**EXERCISE:**
A faithful copy of the data is what is wanted, minus any pictures.

**SUPPLIED MATERIAL:**
========================
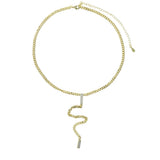 Cuban Link Chain Geometric Micro Pave CZ Bar Y Lariat Long Necklace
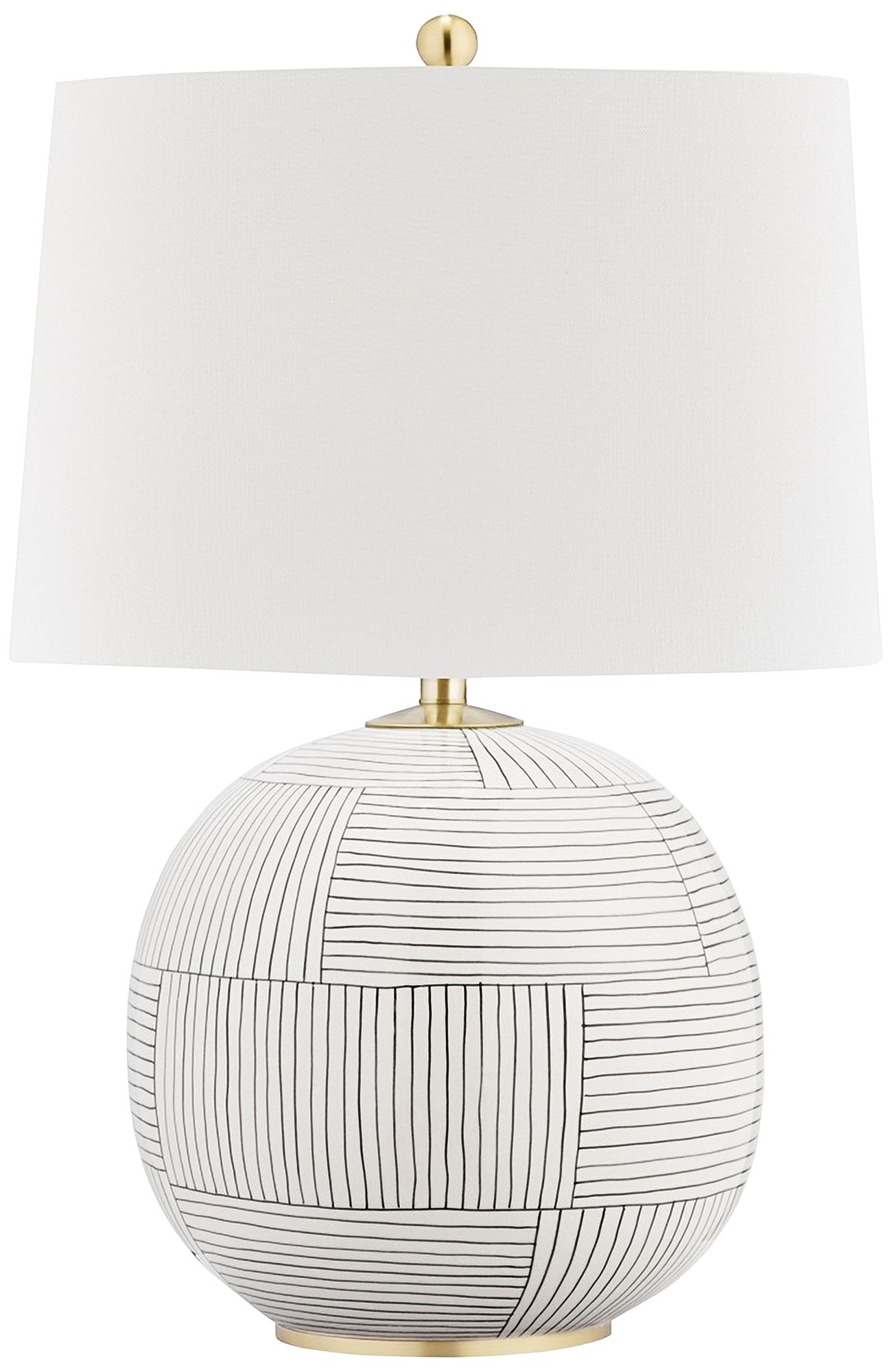 Hudson Valley Laurel White Stripes Ceramic Table Lamp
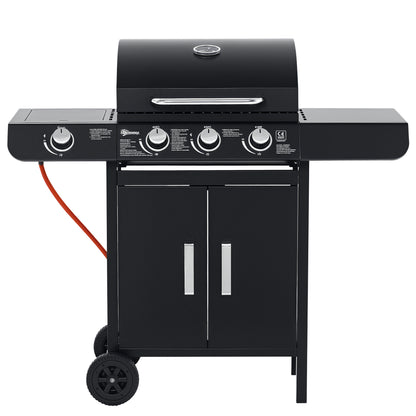 Outsunny gasbarbecue met 3 hoofdbranders + 1 zijbrander, opbergplank, roestvrij staal, zwart, 110 x 50 x 100 cm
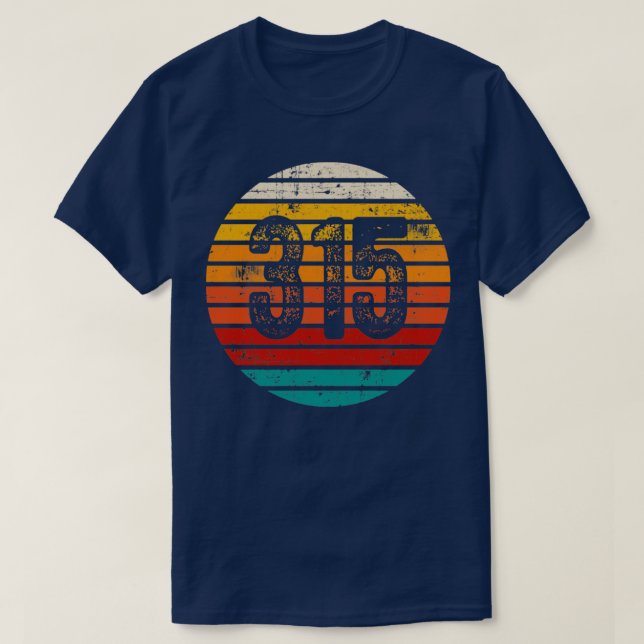 Vintager Sonnenuntergang 315-Flächencode T-Shirt (Design vorne)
========================
**RESULT OF THIS TASK:**
 Cuban Link Chain Geometric Micro Pave CZ Bar Y Lariat Long Necklace
 Hudson Valley Laurel White Stripes Ceramic Table Lamp
 Outsunny gasbarbecue met 3 hoofdbranders + 1 zijbrander, opbergplank, roestvrij staal, zwart, 110 x 50 x 100 cm
 Vintager Sonnenuntergang 315-Flächencode T-Shirt (Design vorne)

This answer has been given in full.